Friday, August 17, 2018

More Commentary on Pennsylvania Grand Jury Report, as Vatican Sends Thoughts and Prayers




That there should be mass defrockings is obvious. That there should also be a swath of criminal convictions also seems beyond question….Evil is real, and it walked the earth in Pennsylvania. It entered through our church doors.


It is long past time for the U.S. Department of Justice to initiate a full-scale, nationwide investigation into the systemic rape and sexual violence, and cover-ups in the Catholic Church, and, where appropriate, bring criminal and/or civil proceedings against the hierarchy that enabled the violations.

I absolutely agree with SNAP's call for a federal investigation of the criminal actions of the Catholic hierarchy and many priests, of course. The statement I have shared from Rita Ferrone (and here) which doubts that a legal-juridical approach to this horror show will be effective is speaking of internal legal procedures within the institution itself — and no, those would not be effective at all, because the leaders of the Catholic church do not intend to be forthcoming or accountable or to investigate themselves. 




"It’s all about the bishops. That’s the single most damning line from a new, 1,300 page report, released by the Pennsylvania supreme court on Tuesday, which found that 300 predator priests in the state had abused more than 1,000 children since 1947. It's the latest scandal in the Catholic church's continuing child abuse crisis…. 
The incidents of abuse are shocking and deeply disturbing. They include a minor who was impregnated by a priest who paid for her to have an abortion, as well as a priest who confessed to the rape of at least 15 boys. In one instance, a priest abused five sisters in one family, including an 18-month-old girl. 
The probe concluded that bishops "followed a playbook for concealing the truth" and while "priests were raping little boys and girls, [bishops] hid it all.
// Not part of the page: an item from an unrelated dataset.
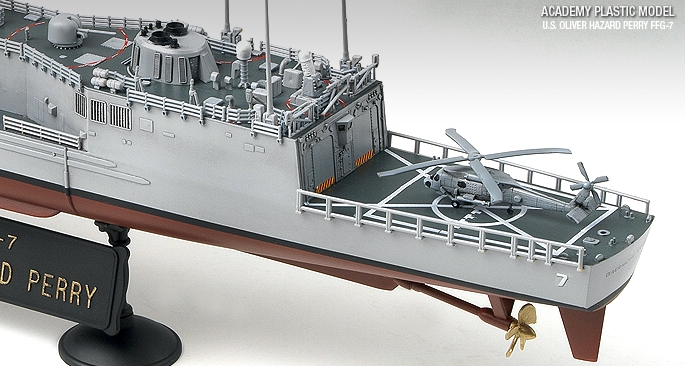 U.S. OLIVER HAZARD PERRY FFG-7 (Academy 1:350)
For decades". Pennsylvania attorney general Josh Shapiro noted that in some cases, "the cover up stretched all the way up to the Vatican" and that bishops "protected their institution at all costs". Most disturbingly, jurors believe that, even today, bishops are working hard to protect themselves. 
The report says that while 1,000 victims were discovered in this investigation, there are likely thousands more who have yet to step forward. 
And that’s where my hope lies. 
For nearly 30 years, I have been intimately involved in battling for the rights of those abused by the clergy as children. Four of the six kids in our family were sexually violated by our parish priest, Father John Whiteley. I sued him and his bishop, unsuccessfully, and went on to work full time with Survivor's Network of those Abused by Priests, the world’s oldest and largest support group for victims. 
The single most valuable truth I've learned is this: change only comes when victims speak out.




"We are ready to listen humbly, first of all to victims and their advocates, who might tell us how to begin to ease suffering and to make recompense. We welcome prosecutors and lawyers and historians into our archives, so that the full truth, however damning, might be known. We acknowledge that our system of seminary education is deeply flawed, and ask how it might be reformed so as to produce leaders who thrive as human beings. We submit to new layers of oversight, because the ones we ourselves imposed failed so miserably. We are listening. We are learning. We ask for God’s mercy, and yours." 
Will we hear statements like these? Unlikely. But we are owed nothing less from our ordained leaders as collective atonement for the sins of their brothers.




Both sexual predation and anti-choice politics are rooted in patriarchal ideology and a culture of sexual shame.


Young women and their children faced physical and emotional violence at the hands of the church tantamount to those victimized by sexual abuse. All of these victims and survivors also deserve a perfect act of contrition by the pope, the hierarchy, the clergy and women religious. 
Though the nuns ran the laundries as contractors for the state, the creation of these institutions was based on punitive doctrines, developed solely by men, that criminalized women's sexual desire.


"Regarding the report made public in Pennsylvania this week, there are two words that can express these horrible crimes: shame and sorrow," read a statement from Vatican spokesman Greg Burke.

Sending thoughts and prayers!

Catholics have heard this empty refrain after every new explosion of information about the corruption inside the clerical and hierarchical club.

We know by now exactly how the script will play out all over again: thoughts and prayers! Shame and sorrow!

But transparency, accountability, action? Absolutely not. Because that would call for reform of a system that itself is the source of the corruption, a system that is abusive in its very make up, since it accords all governing power within the institution to the ordained and none at all to the laity.  It is set up to serve the interests, power, and privilege of clerics, who do not choose to reform what provides them such unmerited power.